Short text fragments from websites
= = = = = = =
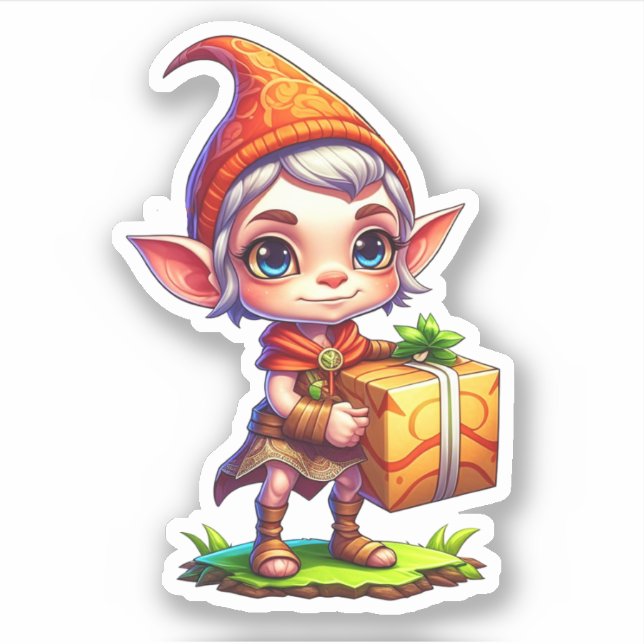 Sticker Petit Elfe Mignon Tenant un Cadeau de Noël (Devant)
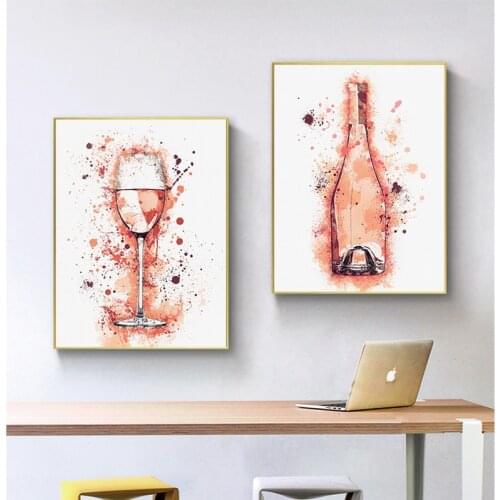 Graffiti Art Red Wine Tall Canvas Painting Abstract Creative Nordic Minimalist Posters and Print Wall Art Picture for Home Decor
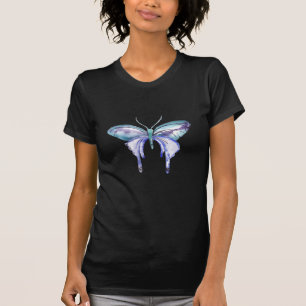 Camiseta mariposa azul morado acuarela aqua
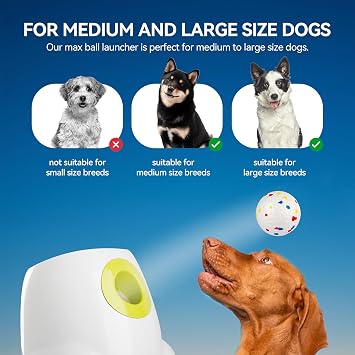 ALL FOR PAWS Large Automatic Dog Ball Launcher with 6PCS 6.35CM EPTU Balls, Ball Thrower for Medium to Large Dogs, Interactive Dog Fetch Toy for Mental & Physical Exercise, Launches Up to 64ft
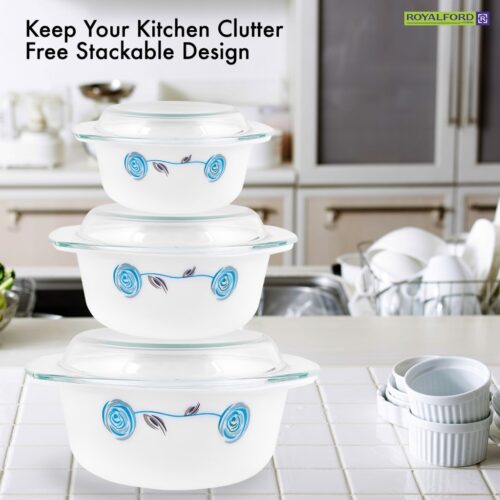 Royalford Premium 3 Pcs Opalware Casserole Set with Lids – Tempered Glass Lids, Round Deep Serving Casseroles Bowls | Microwave & Dishwasher Safe | Ideal to Store, Reheat & Serve Multiple Dishes - Image 5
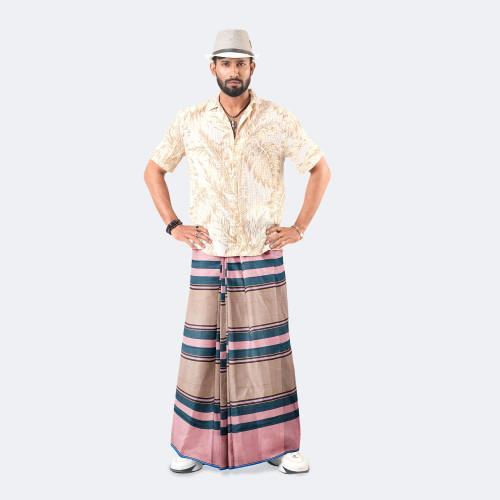 Multicolor Stripe & Check Lungi - Bikkhato | MIAH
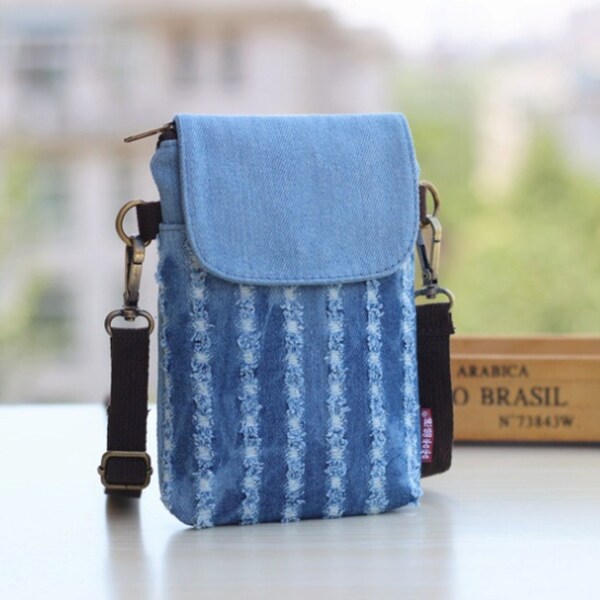 Cute Denim Crossbody Phone Purse | Trendy Shoulder Mobile Pouch | Cellphone Bag | Women Crossbody bag | Travel Pouch
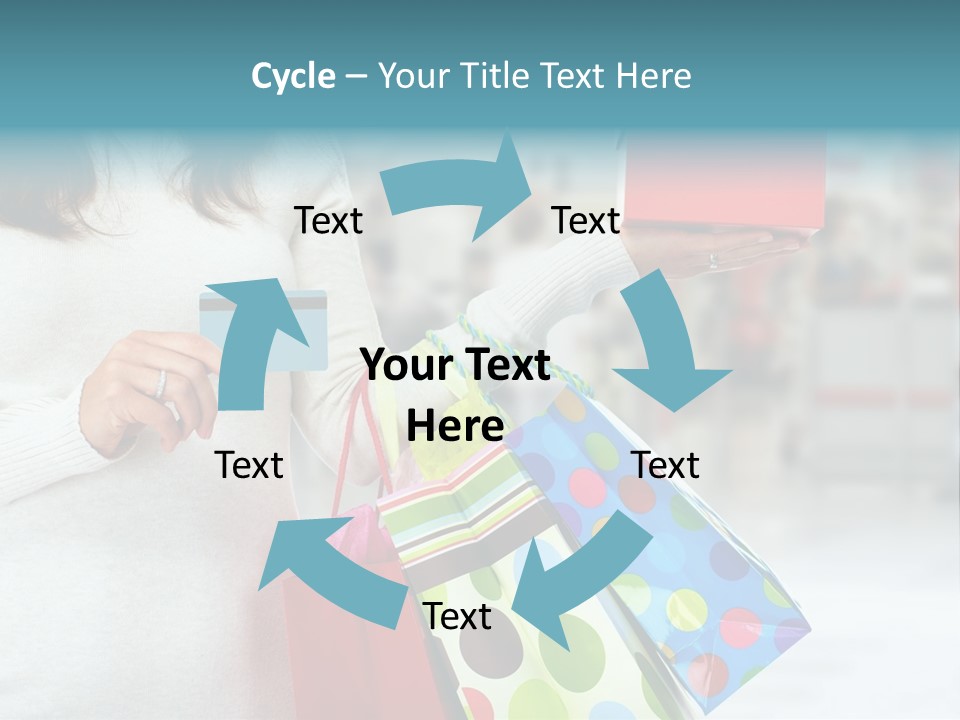 A Woman Holding Shopping Bags And A Credit Card PowerPoint Template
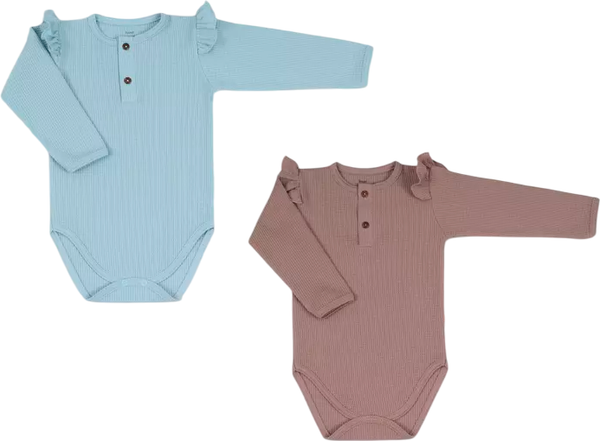 Изображение товара Набор боди для малышей Rant Waffy / 5-92 (2шт, Blue/Brown, р.80)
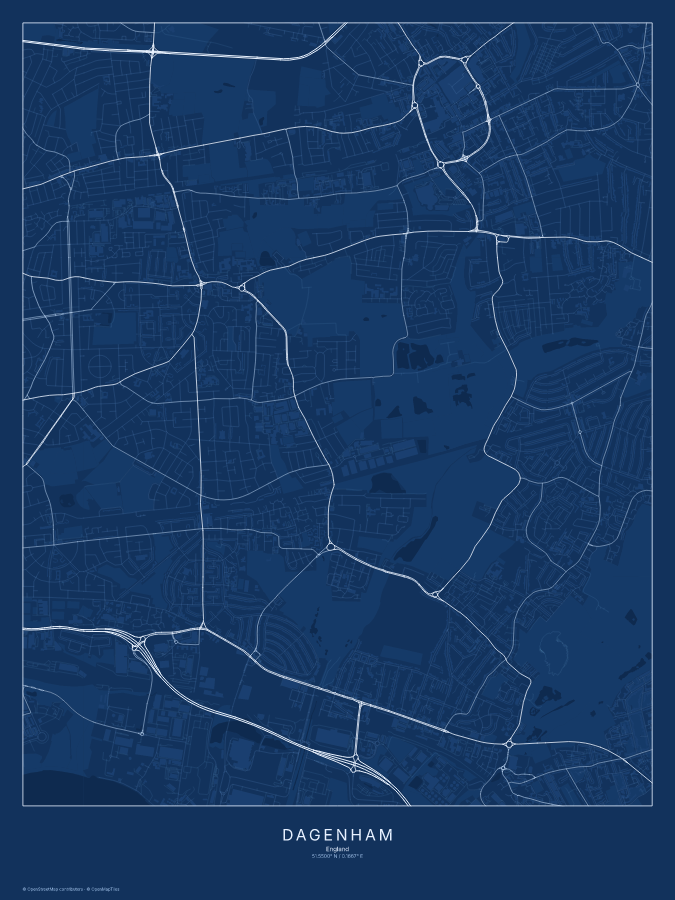 Dagenham map poster, blueprint style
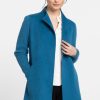 Kinross Cashmere Cappotto Con Maniche A Coste Color Oceano Giacche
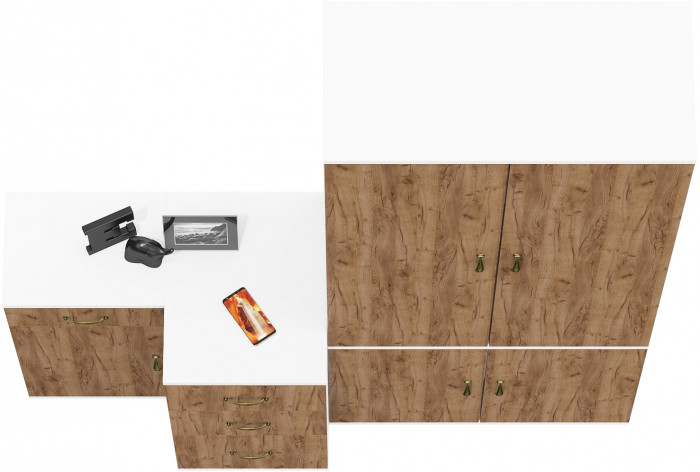 Лидер-8 Шкаф МД 20Б + Тумба МД 3.15 + Тумба МД 3.16, цвет белый шагрень/крафт золото, ШхГхВ 160х50х190 см., НЕ универсальная сборка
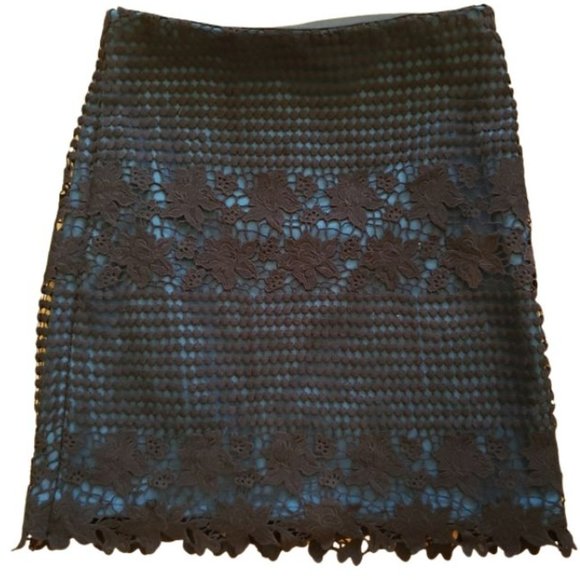 LOFT Dresses & Skirts - LOFT Ann Taylor Teal Black Lace Skirt Size 0 Romantic Goth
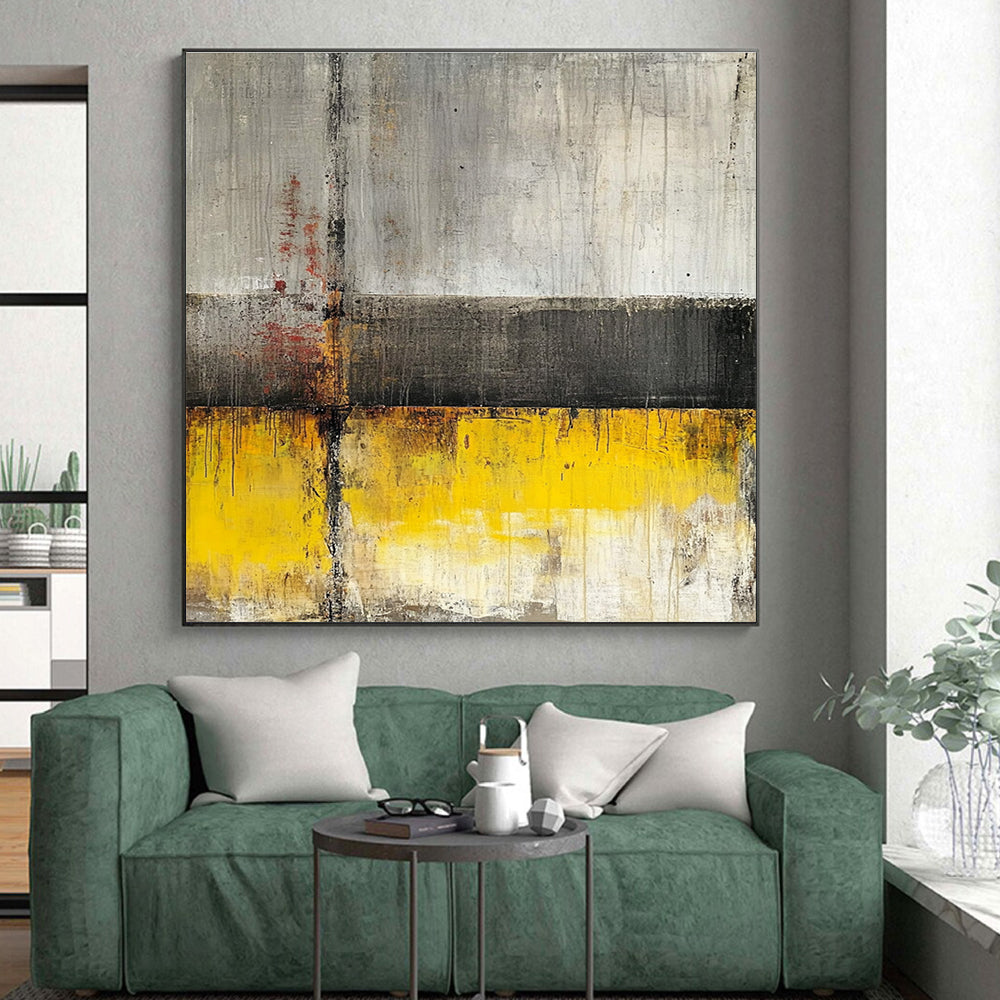 Gray Yellow and Red Abstract Painting with Industrial Vibes GER422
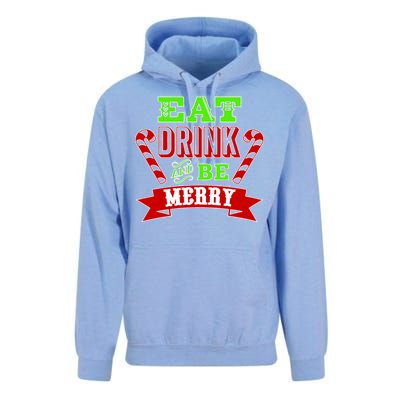 Eat Drink And Be Merry Christmas Unisex Surf Hoodie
= = = = = = =
» WORK INSTRUCTIONS
What the reply must contain is an exact transcription of the data above and none of its pictures.

» OUTPUT FOR THIS TASK
 Sticker Petit Elfe Mignon Tenant un Cadeau de Noël (Devant)
 Graffiti Art Red Wine Tall Canvas Painting Abstract Creative Nordic Minimalist Posters and Print Wall Art Picture for Home Decor
 Camiseta mariposa azul morado acuarela aqua
 ALL FOR PAWS Large Automatic Dog Ball Launcher with 6PCS 6.35CM EPTU Balls, Ball Thrower for Medium to Large Dogs, Interactive Dog Fetch Toy for Mental & Physical Exercise, Launches Up to 64ft
 Royalford Premium 3 Pcs Opalware Casserole Set with Lids – Tempered Glass Lids, Round Deep Serving Casseroles Bowls | Microwave & Dishwasher Safe | Ideal to Store, Reheat & Serve Multiple Dishes - Image 5
 Multicolor Stripe & Check Lungi - Bikkhato | MIAH
 Cute Denim Crossbody Phone Purse | Trendy Shoulder Mobile Pouch | Cellphone Bag | Women Crossbody bag | Travel Pouch
 A Woman Holding Shopping Bags And A Credit Card PowerPoint Template
 Изображение товара Набор боди для малышей Rant Waffy / 5-92 (2шт, Blue/Brown, р.80)
 Dagenham map poster, blueprint style
 Kinross Cashmere Cappotto Con Maniche A Coste Color Oceano Giacche
 Лидер-8 Шкаф МД 20Б + Тумба МД 3.15 + Тумба МД 3.16, цвет белый шагрень/крафт золото, ШхГхВ 160х50х190 см., НЕ универсальная сборка
 LOFT Dresses & Skirts - LOFT Ann Taylor Teal Black Lace Skirt Size 0 Romantic Goth
 Gray Yellow and Red Abstract Painting with Industrial Vibes GER422
 Eat Drink And Be Merry Christmas Unisex Surf Hoodie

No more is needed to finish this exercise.